◆ DATA ◆

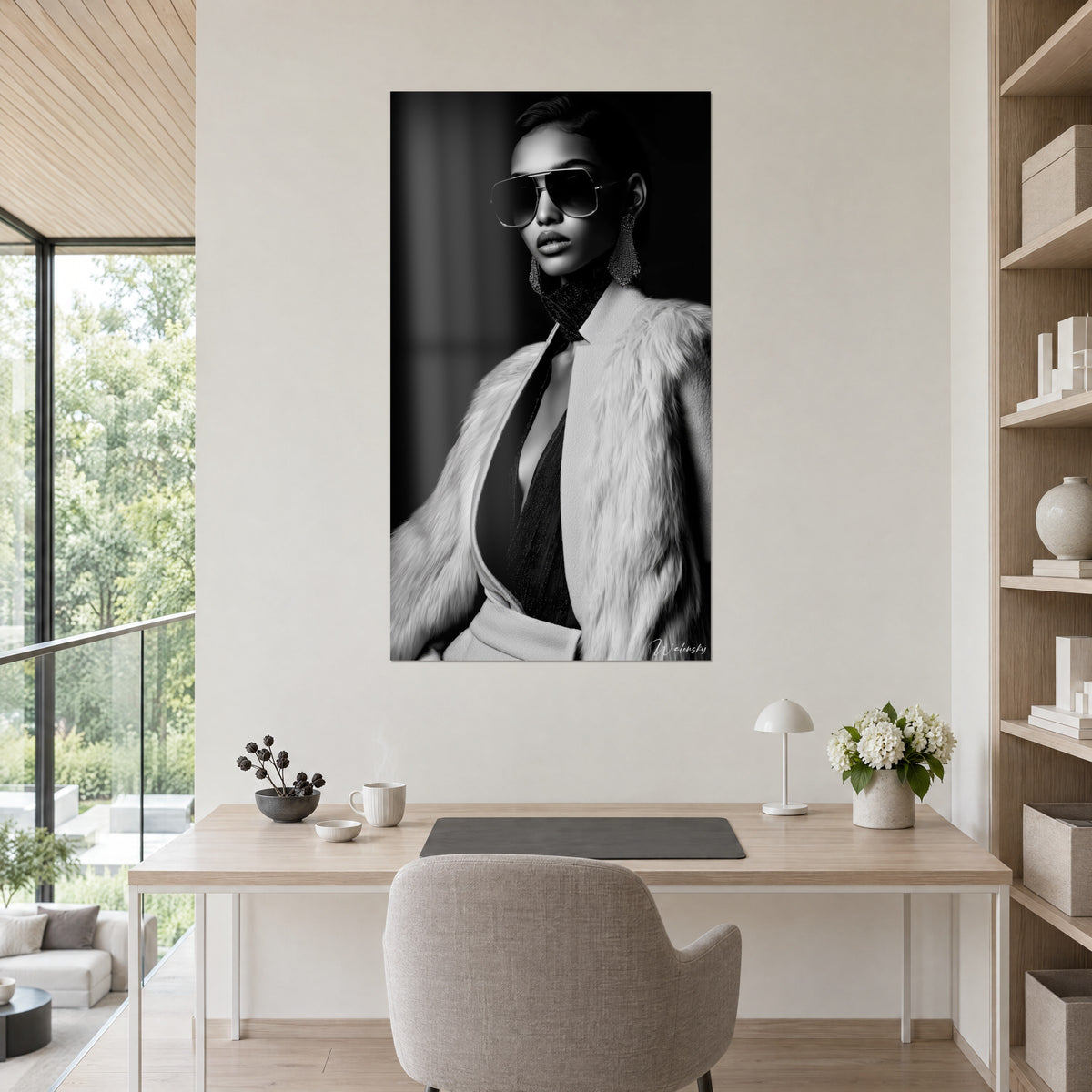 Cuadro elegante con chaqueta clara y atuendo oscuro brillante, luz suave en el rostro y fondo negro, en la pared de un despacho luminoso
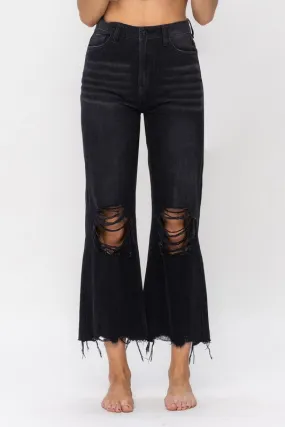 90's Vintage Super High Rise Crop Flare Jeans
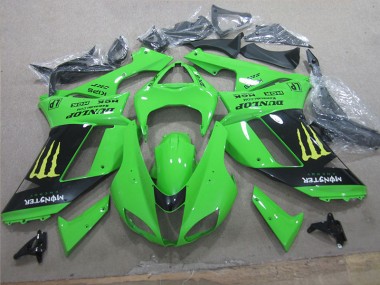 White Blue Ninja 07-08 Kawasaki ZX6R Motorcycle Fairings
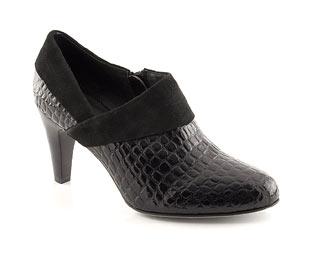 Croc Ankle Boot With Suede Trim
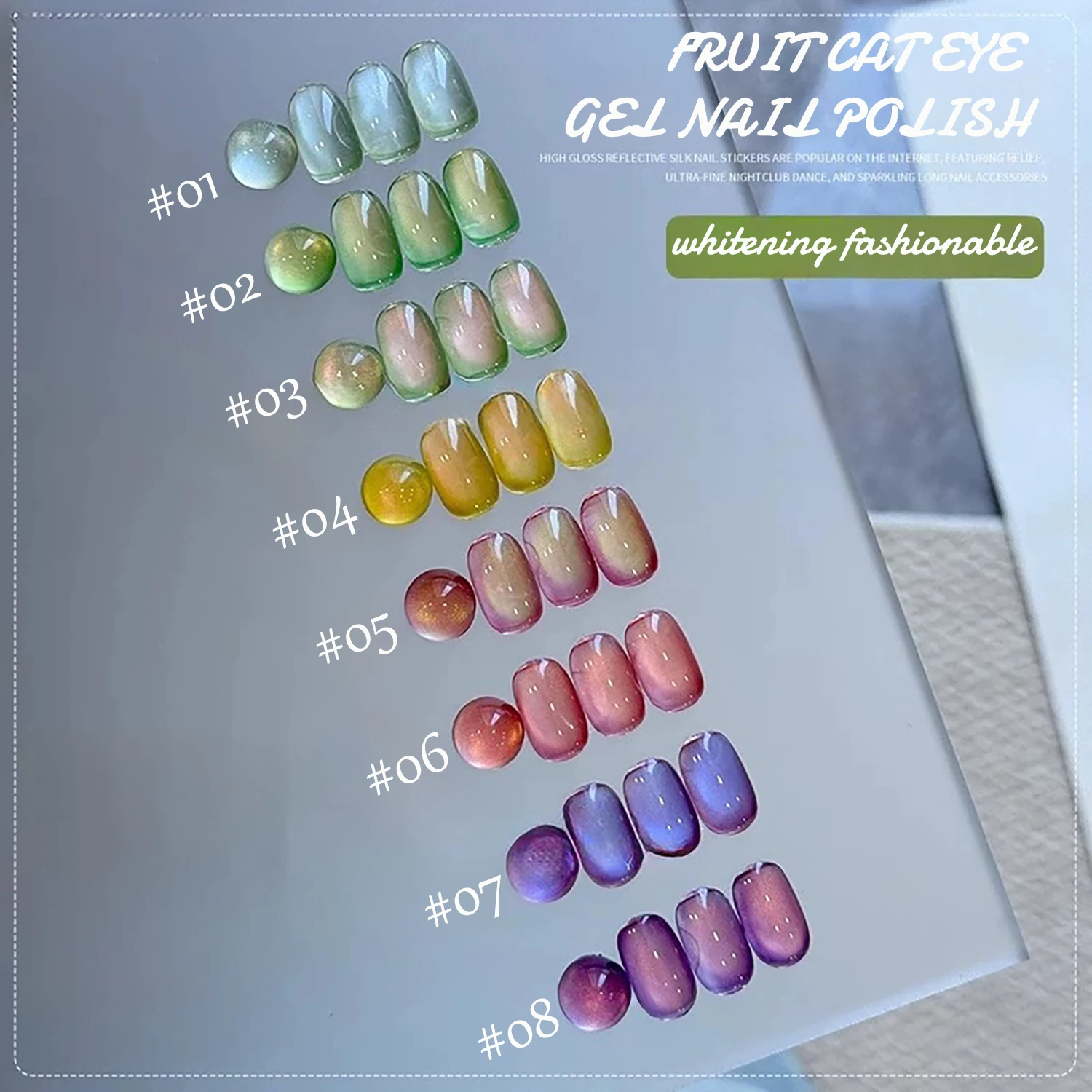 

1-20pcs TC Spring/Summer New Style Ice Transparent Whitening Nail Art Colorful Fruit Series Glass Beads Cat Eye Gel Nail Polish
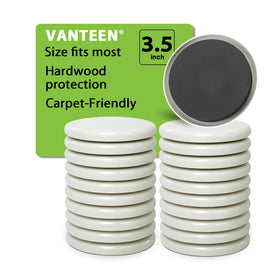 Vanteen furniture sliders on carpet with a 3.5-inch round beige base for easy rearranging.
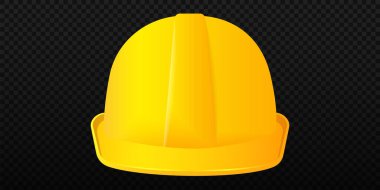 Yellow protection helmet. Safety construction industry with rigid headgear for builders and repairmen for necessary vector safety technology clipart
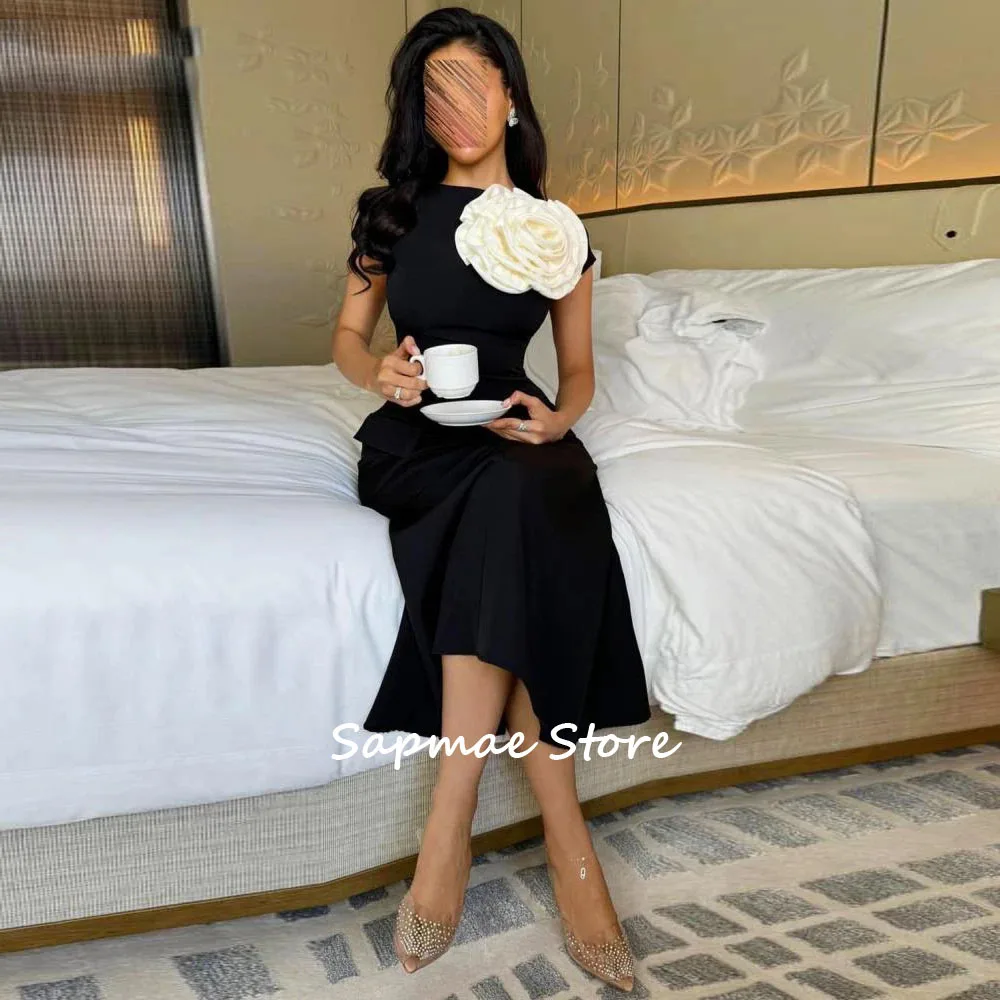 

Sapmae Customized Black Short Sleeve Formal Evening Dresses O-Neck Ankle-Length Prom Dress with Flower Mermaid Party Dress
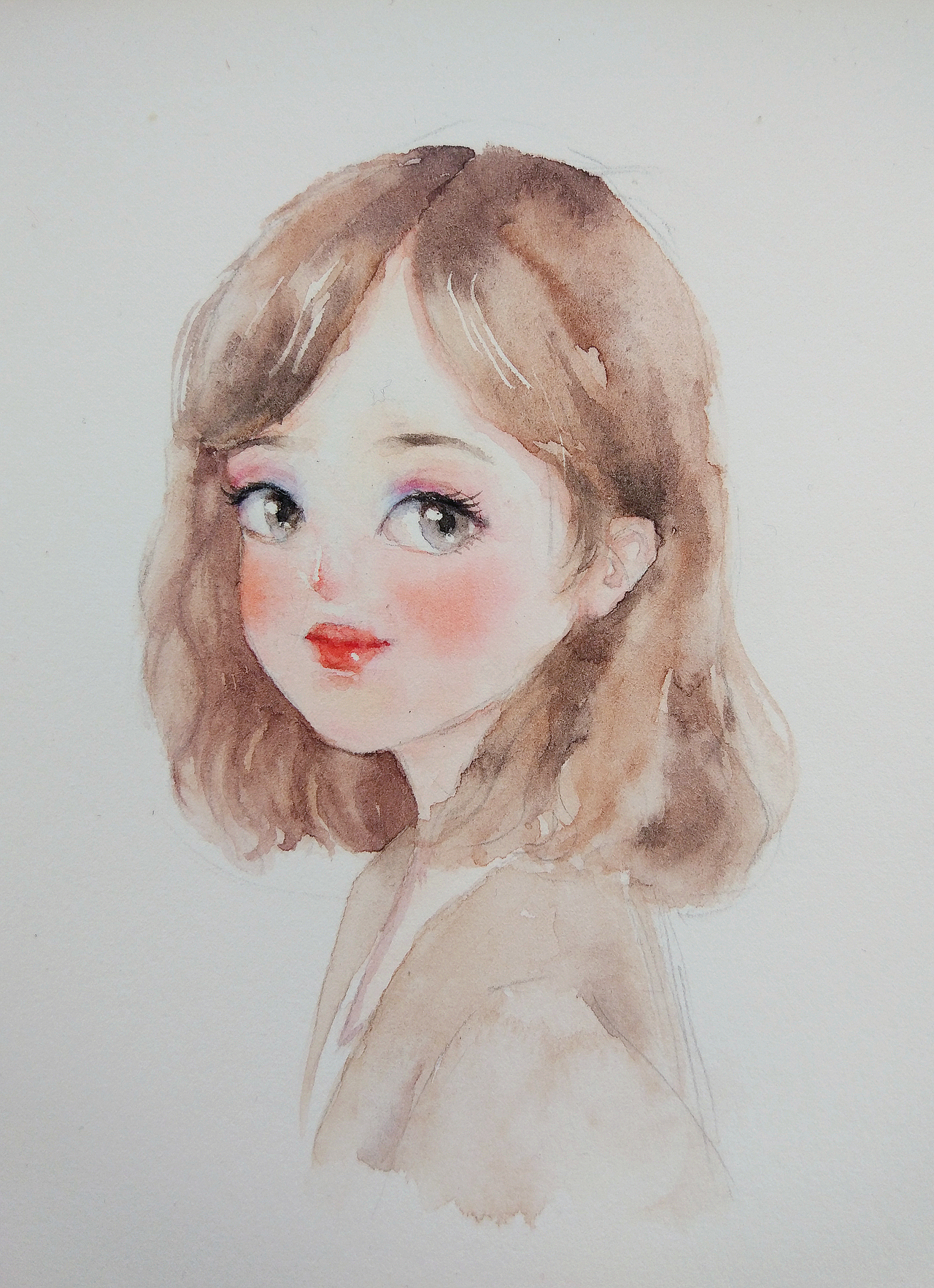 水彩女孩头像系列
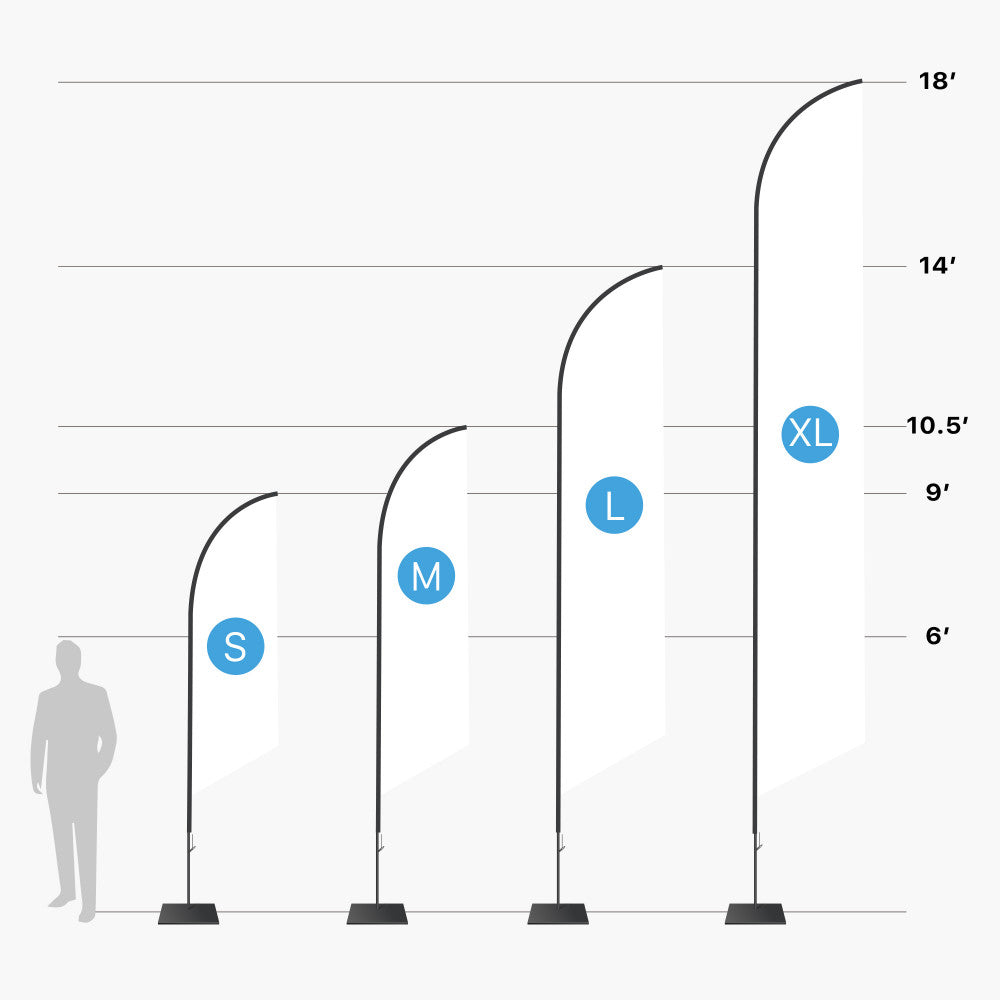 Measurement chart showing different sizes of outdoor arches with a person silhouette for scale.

◆ WORK REQUIRED ◆
Set down each of the records precisely, leaving any pictures behind.

◆ EXERCISE ANSWER ◆
 Cuadro elegante con chaqueta clara y atuendo oscuro brillante, luz suave en el rostro y fondo negro, en la pared de un despacho luminoso
 90's Vintage Super High Rise Crop Flare Jeans
 White Blue Ninja 07-08 Kawasaki ZX6R Motorcycle Fairings
 Croc Ankle Boot With Suede Trim

1-20pcs TC Spring/Summer New Style Ice Transparent Whitening Nail Art Colorful Fruit Series Glass Beads Cat Eye Gel Nail Polish
 Vanteen furniture sliders on carpet with a 3.5-inch round beige base for easy rearranging.
 Yellow protection helmet. Safety construction industry with rigid headgear for builders and repairmen for necessary vector safety technology clipart

Sapmae Customized Black Short Sleeve Formal Evening Dresses O-Neck Ankle-Length Prom Dress with Flower Mermaid Party Dress
 水彩女孩头像系列
 Measurement chart showing different sizes of outdoor arches with a person silhouette for scale.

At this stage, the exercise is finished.